> [Exercise aim] Find the line with "Colorful Golden Pharaoh" in the records below. Output exactly from there until after the line with "Lilla P Saddle", without pictures.

> [Records supplied]

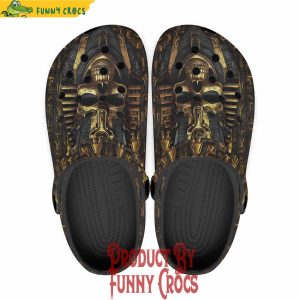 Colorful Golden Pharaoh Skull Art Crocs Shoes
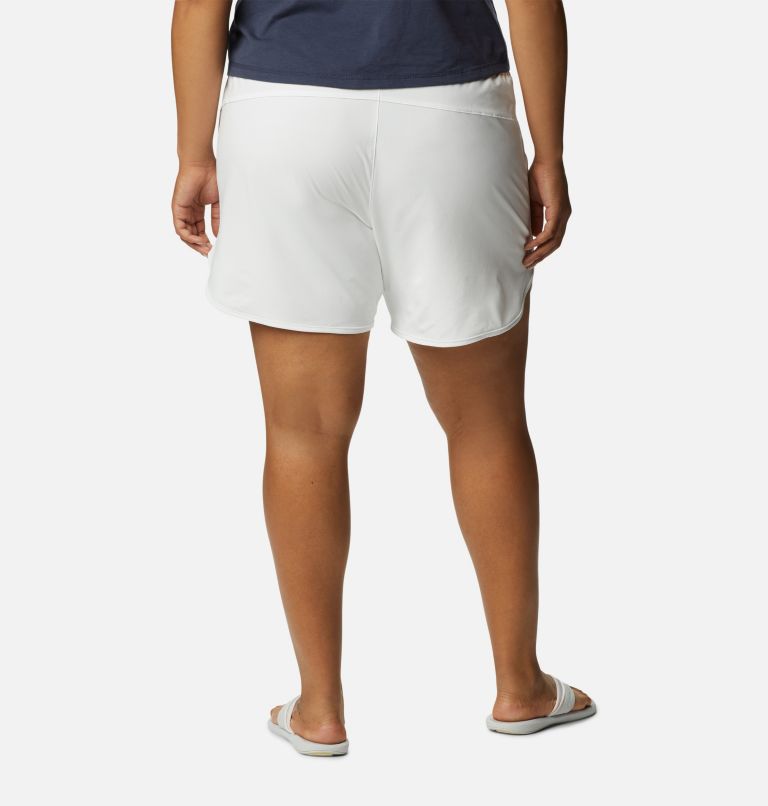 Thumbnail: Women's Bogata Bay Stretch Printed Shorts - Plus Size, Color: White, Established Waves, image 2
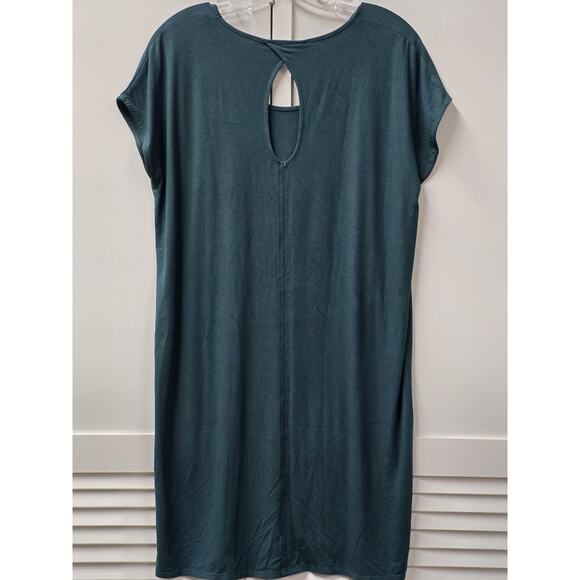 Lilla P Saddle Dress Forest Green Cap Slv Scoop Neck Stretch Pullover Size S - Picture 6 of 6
---
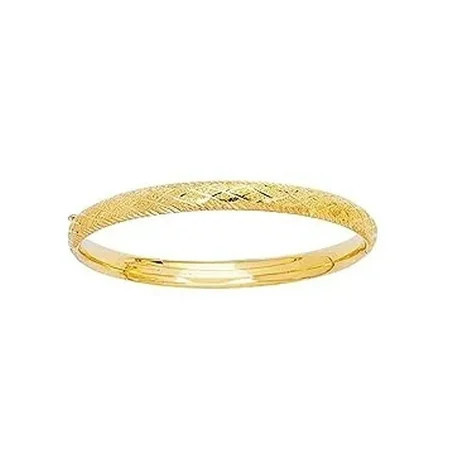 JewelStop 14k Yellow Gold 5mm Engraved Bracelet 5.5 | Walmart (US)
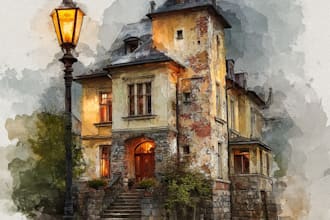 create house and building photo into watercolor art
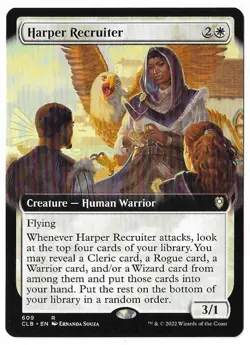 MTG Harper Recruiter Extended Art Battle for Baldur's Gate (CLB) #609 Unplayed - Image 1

> [Exercise result]
 Colorful Golden Pharaoh Skull Art Crocs Shoes
 Thumbnail: Women's Bogata Bay Stretch Printed Shorts - Plus Size, Color: White, Established Waves, image 2
 Lilla P Saddle Dress Forest Green Cap Slv Scoop Neck Stretch Pullover Size S - Picture 6 of 6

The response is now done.